Calibration Recipe#
Recommended workflow for calibrating BAM Engine parameters, distilled from four calibration campaigns (~80K simulation runs).
Phase 1: Morris Screening#
Always use Morris Method, never OAT alone (Lesson L1). Morris catches interaction effects that single-baseline OAT misses. The BAM model has pervasive parameter interactions (mean sigma/mu* ratio ~1.58).
python -m calibration --phase morris --scenario baseline --seeds 5
Review the Morris report. If more than 15 parameters are classified INCLUDE, fix the lower-sensitivity ones at their current defaults (Lesson L9: fix at defaults, not Morris-best).
Phase 2: Grid Search#
Build a focused grid from Morris INCLUDE parameters. Fix all others at their current defaults (Lesson L9), not at Morris-best values.
python -m calibration --phase grid --scenario baseline
Phase 3: Tiered Stability#
Single-seed screening overfits (Lesson L2). Always run multi-seed stability testing. Check whether the screening winner survives – if it doesn’t, that’s expected.
python -m calibration --phase stability --scenario baseline
Phase 4: Second-Pass Screening#
If parameters were fixed in Phase 2, run second-pass Morris to confirm their sensitivity has collapsed (Lesson L3: behavioral first, structural second).
python -m calibration --phase rescreen --scenario baseline \
--fix-from output/baseline_stability.json --params initial_conditions
If any parameter still shows significant sensitivity, run a targeted grid + stability for those parameters.

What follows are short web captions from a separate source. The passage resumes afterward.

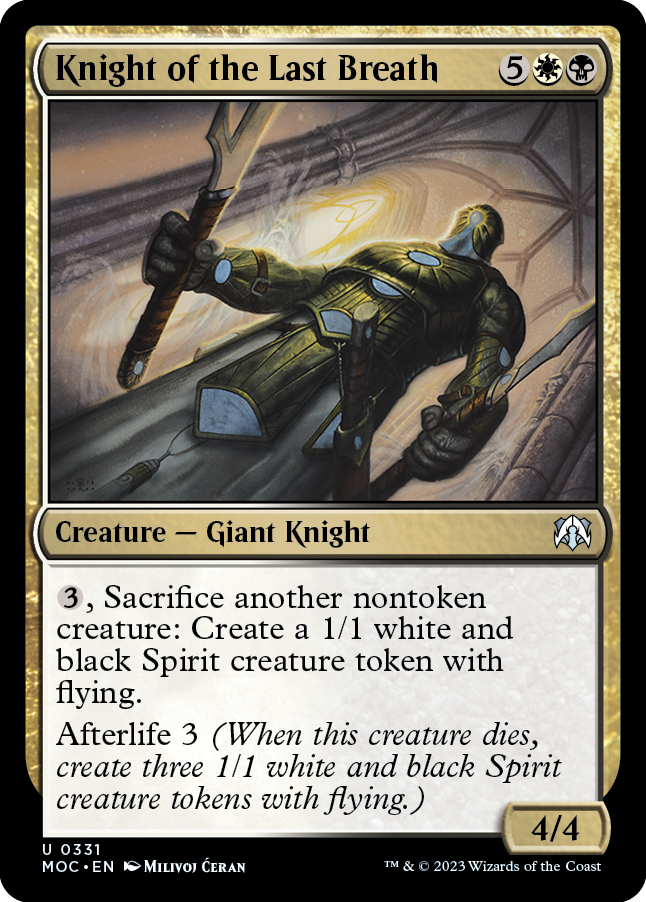 Knight of the Last Breath [March of the Machine Commander] | Devastation Store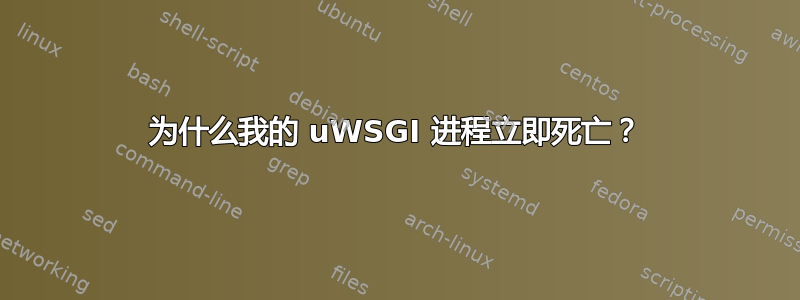 为什么我的 uWSGI 进程立即死亡？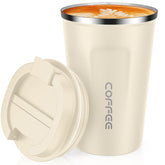 CS COSDDI 12oz tumbler with spillproof lid for mess-free travel.
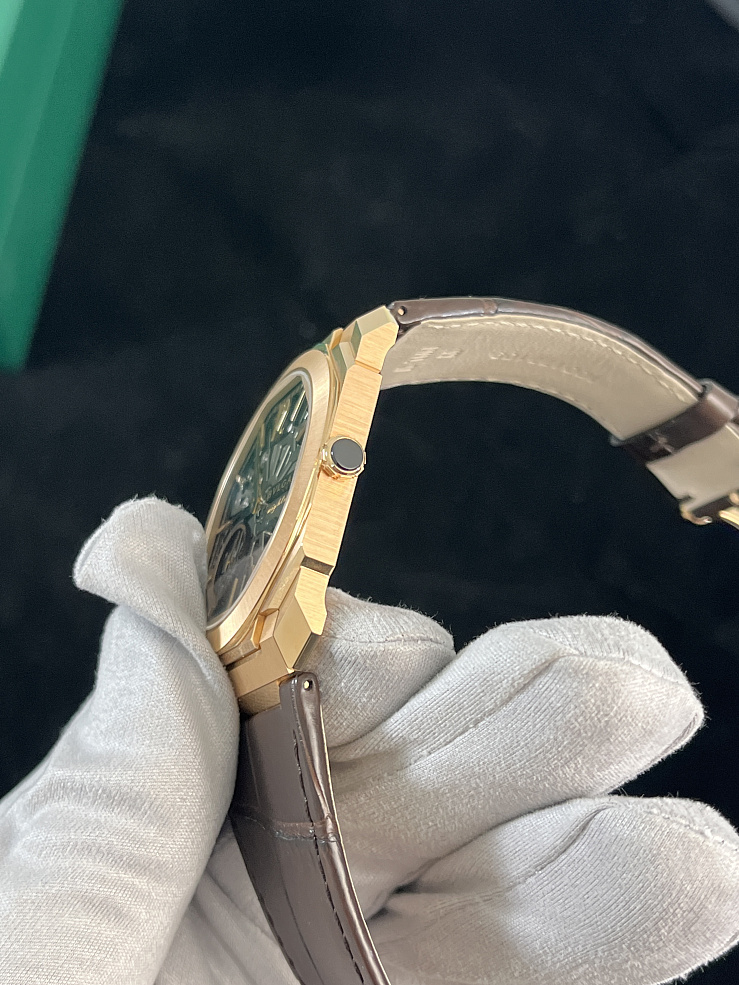 Octo Finissimo Skeleton 8 Days Mechanical Manufacture Ultra-thin Movement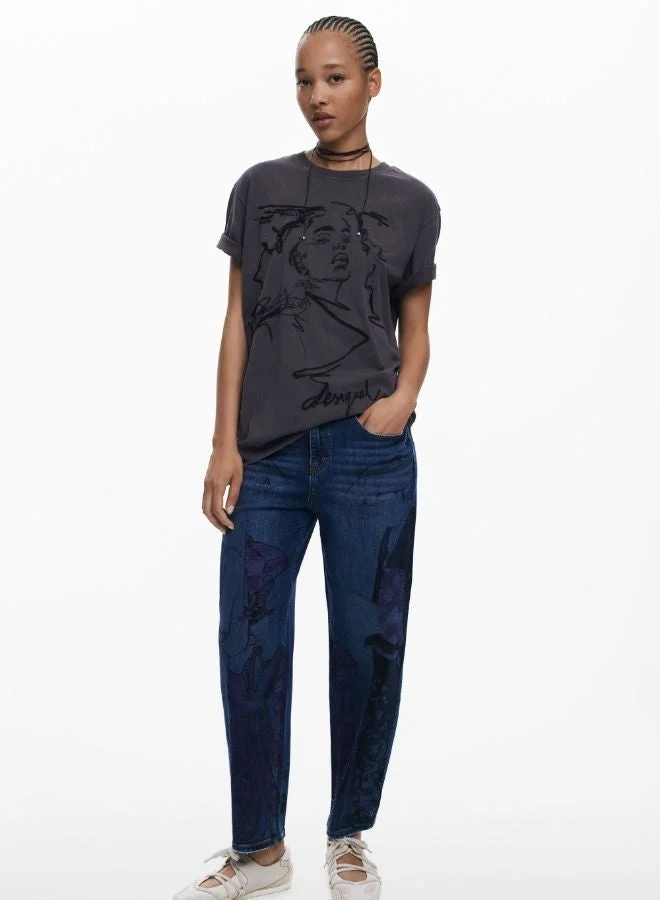 ديسيجوال تي شيرت منقوش باهظ الثمن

Phase 5: Targeted Cost Analysis#
Ask what parameter values are preferred, then quantify the cost of using them (Lesson L5). Most preferences are FREE or CHEAP.
python -m calibration --phase cost --scenario baseline \
--base output/baseline_stability.json \
--swaps "price_init=2.0,1.5" --seeds 20
If cheap combos exist, test them together with --combo-grid.
Phase 6: Cross-Scenario Validation#
For multiple scenarios, use cross-eval with stability-first
ranking (Lesson L4).
python -m calibration --phase cross-eval \
--scenarios baseline,growth_plus \
--configs output/baseline_stability.json \
--rank-by stability-first
If pass rate < 90% on any scenario, use a structured sweep:
python -m calibration --phase sweep --scenario growth_plus \
--base output/stability.json \
--stages "A:beta=0.5,1.0" "B:max_M=2,4" \
--cross-scenario baseline
Key Principles#
L6 – Initial conditions are mostly irrelevant: the Kalecki attractor erases them in ~50 periods. Save for last.
L7 – Structured sweep > full re-grid: test by category (entry, behavioral, initial, credit) rather than all at once.
L8 – Narrow sweet spot: broad exploration is required. Hill-climbing does not work in this parameter space.
L10 – Respect parameter coupling:
job_search_methodandmax_Malways co-vary.